Batam, intuisi.net – Pemerintah Provinsi Kepulauan Riau terus memperkuat komitmennya dalam memajukan pendidikan vokasi guna mencetak lulusan SMK yang siap bersaing di dunia kerja.
Hal ini ditegaskan Wakil Gubernur Kepulauan Riau, Nyanyang Haris Pratamura, saat melakukan kunjungan kerja ke SMK Negeri 5 Kota Batam, Kecamatan Sagulung, pada Jumat (9/1/2026).
Dalam kunjungan tersebut, Nyanyang Haris Pratamura meninjau secara langsung fasilitas pelatihan dan laboratorium yang dimiliki sekolah, khususnya di bidang teknik perkapalan.
SMKN 5 Batam dikenal memiliki peralatan lengkap untuk jurusan Teknik Pengelasan Kapal, termasuk mesin SMAW, GMAW/FCAW, GTAW, welding simulator, serta peralatan pendukung seperti bending machine dan automatic cutting machine yang telah disesuaikan dengan standar industri galangan kapal dan offshore di sekitar Batam.
Nyanyang Haris Pratamura menekankan pentingnya peningkatan fasilitas secara berkelanjutan agar sesuai dengan dinamika kebutuhan industri.

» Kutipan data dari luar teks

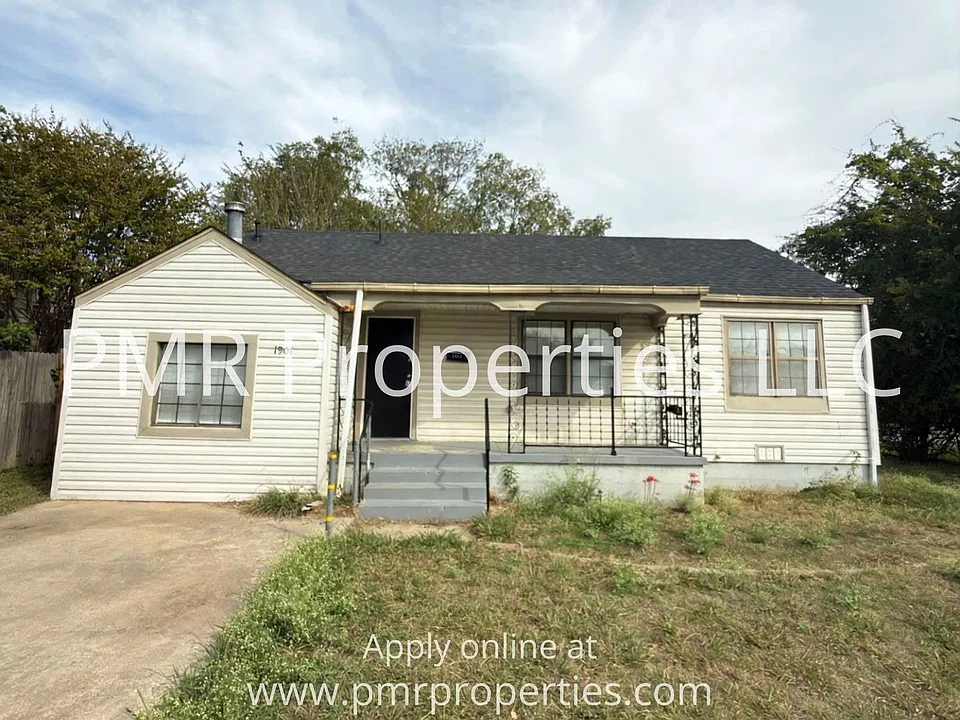 1901 NW Cherry Ave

Ia berjanji akan terus berkoordinasi erat dengan Kepala Dinas Pendidikan Provinsi Kepri serta pihak sekolah untuk memastikan sarana praktik semakin optimal.

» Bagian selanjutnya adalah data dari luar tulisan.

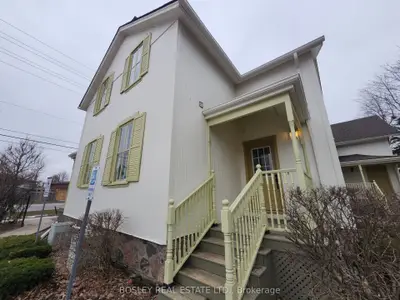 Detached Condo in Markham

“Kita tidak ingin lulusan SMK hanya memiliki teori, tetapi benar-benar terampil dan siap pakai. Kalau bisa, pelatihan bukan hanya simulasi, melainkan praktik nyata karena dunia industri membutuhkan tenaga kerja yang kompeten dan profesional,” tegas Nyanyang.
Ia khusus menyoroti potensi besar di sektor perkapalan dan arsitektur kapal di Kepulauan Riau, terutama di Kota Batam yang menjadi pusat galangan kapal dan kawasan industri maritim.

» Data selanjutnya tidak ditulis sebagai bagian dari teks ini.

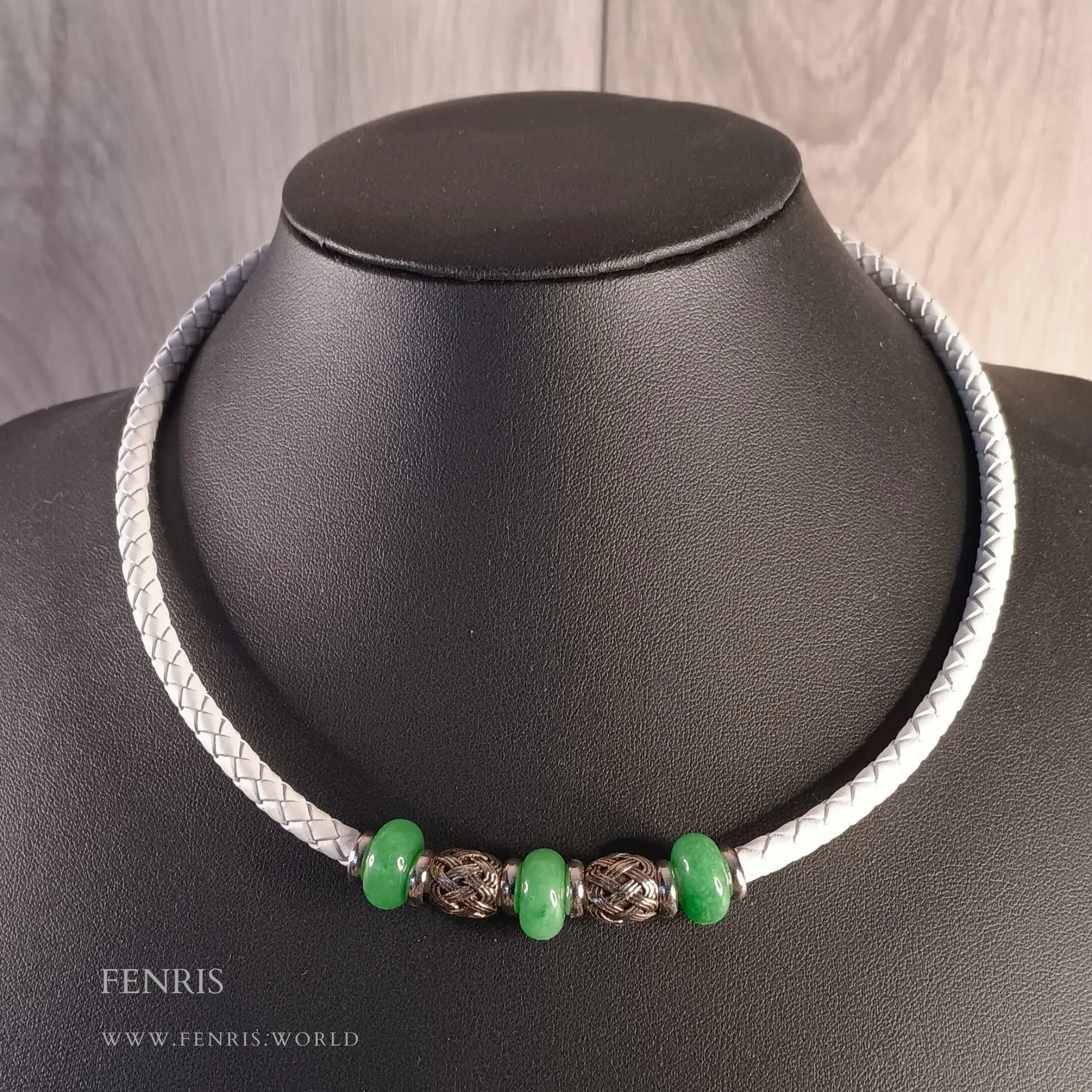 Jade Choker Necklace Silver Green White Leather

Dengan fasilitas seperti simulator kapal, workshop pengelasan manual hingga automatic welding, serta laboratorium teknik yang memadai, SMKN 5 Batam dinilai memiliki modal kuat untuk menghasilkan lulusan yang langsung terserap di industri lokal, melanjutkan studi ke perguruan tinggi ternama seperti Universitas Teknologi Sains (UTS) atau Institut Teknologi Bandung (ITB), bahkan bekerja di luar negeri seperti Singapura dan Malaysia.
“Kalau tidak siap dan tidak punya keterampilan, tentu sulit diterima,” pungkasnya.
Selain itu, Nyanyang mendorong sekolah-sekolah kejuruan di Kepri untuk mulai mengintegrasikan kurikulum kewirausahaan. Tujuannya agar lulusan tidak hanya menjadi pekerja handal di perusahaan, tetapi juga mampu menjadi wirausaha mandiri serta manajer yang menciptakan lapangan kerja baru bagi masyarakat.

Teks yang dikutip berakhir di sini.